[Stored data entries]
.....

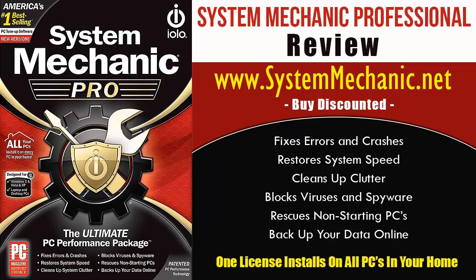Hi, this is Chris with PC Optimize, and today we're looking at Iolo's System Mechanic Professional. In this video, I'm going to walk you through the new software, go over some of the most powerful features, and then show you where you can download it right away discounted.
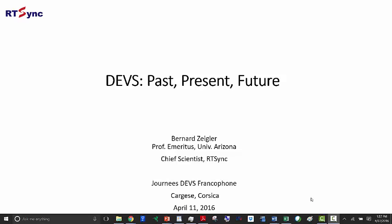Devs: past, present, and future. A talk given at the Journée Devs Francophone, the JDF, a conference on DEVS put on in Cargèse, Corsica, by the Devs Network of France, in April 2016.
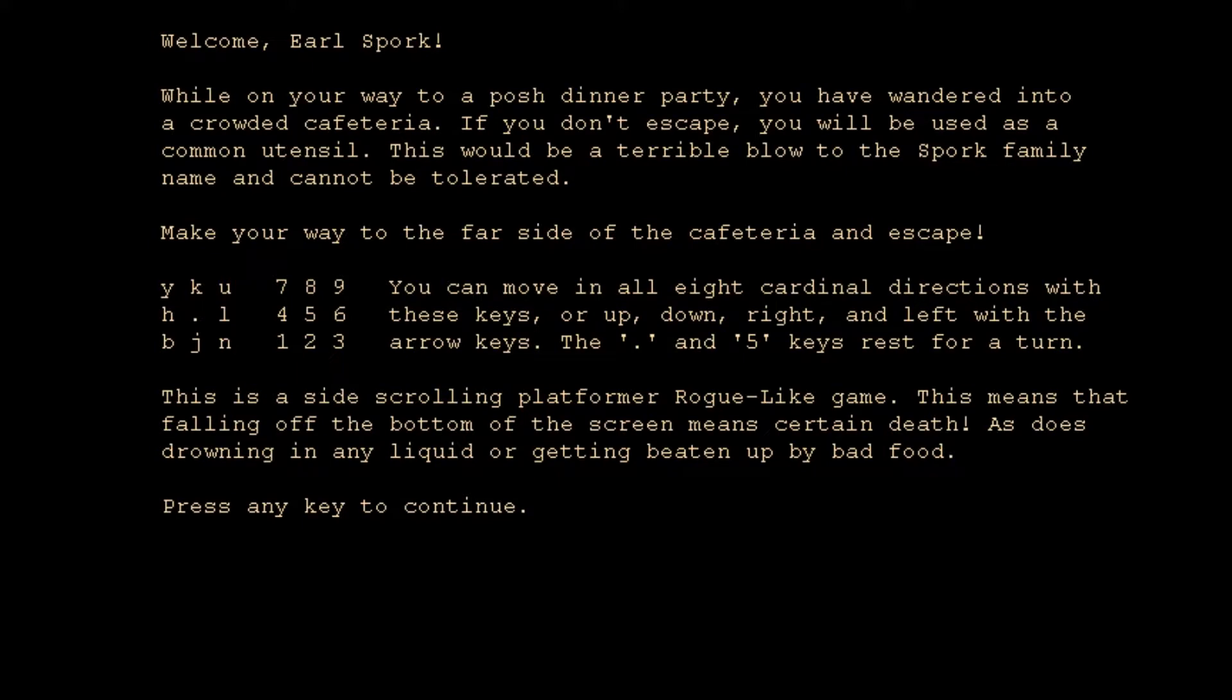What is up my friends, we are back with another seven-day roguelike from the front lines of nine years ago. The 2010 seven-day roguelike challenge, this one called Earl Spork. Let's figure out who it's from.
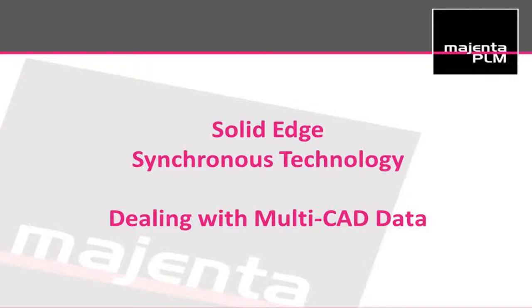Solid Edge with synchronous technology allows users to open just about any 2D or 3D CAD file, be it from a customer, supplier, or internal legacy data. Not only can the data be imported quickly and retain full fidelity, modifications to the geometry can be almost instantaneous due to the unique power of synchronous technology.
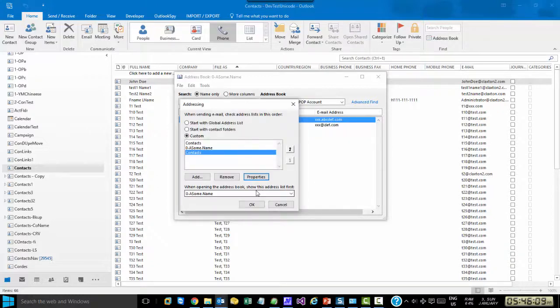And that's essentially how you add and remove members in your Outlook Address Book.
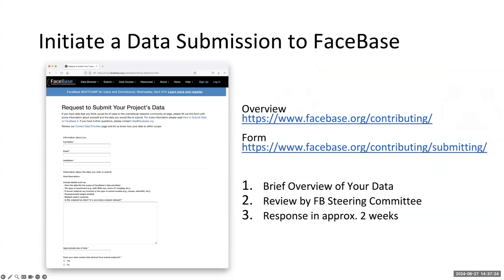You initiate a data submission to FaceSpace by filling out a short form. This information gets reviewed by the FaceSpace Steering Committee, which vets all proposed contributions. The main criteria are appropriate handling of human subjects' data and ethical handling of animals in research, and making sure the data are aligned with DOC and closely related research areas so that it's a good fit for the FaceSpace audience. We try to get back to you within two to three weeks, as we have a two-week cycle for meeting as a steering committee to review all proposed data contributions.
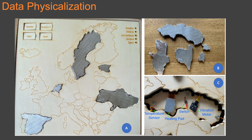The interface of the data physicalization contains a laser-cut wooden map of Europe. On the top left, there are four buttons: two for selecting the two physical modalities — vibration or temperature — and two for selecting the two datasets, dataset 1 or dataset 2. The buttons have a wooden interface. On the top right, there is an LED panel to indicate the currently selected countries.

.....

(Work to be completed): Output all the records, word for word, with no pictures in the copy.

(Result of the task):
Hi, this is Chris with PC Optimize, and today we're looking at Iolo's System Mechanic Professional. In this video, I'm going to walk you through the new software, go over some of the most powerful features, and then show you where you can download it right away discounted.
Devs: past, present, and future. A talk given at the Journée Devs Francophone, the JDF, a conference on DEVS put on in Cargèse, Corsica, by the Devs Network of France, in April 2016.
What is up my friends, we are back with another seven-day roguelike from the front lines of nine years ago. The 2010 seven-day roguelike challenge, this one called Earl Spork. Let's figure out who it's from.
Solid Edge with synchronous technology allows users to open just about any 2D or 3D CAD file, be it from a customer, supplier, or internal legacy data. Not only can the data be imported quickly and retain full fidelity, modifications to the geometry can be almost instantaneous due to the unique power of synchronous technology.
And that's essentially how you add and remove members in your Outlook Address Book.
You initiate a data submission to FaceSpace by filling out a short form. This information gets reviewed by the FaceSpace Steering Committee, which vets all proposed contributions. The main criteria are appropriate handling of human subjects' data and ethical handling of animals in research, and making sure the data are aligned with DOC and closely related research areas so that it's a good fit for the FaceSpace audience. We try to get back to you within two to three weeks, as we have a two-week cycle for meeting as a steering committee to review all proposed data contributions.
The interface of the data physicalization contains a laser-cut wooden map of Europe. On the top left, there are four buttons: two for selecting the two physical modalities — vibration or temperature — and two for selecting the two datasets, dataset 1 or dataset 2. The buttons have a wooden interface. On the top right, there is an LED panel to indicate the currently selected countries.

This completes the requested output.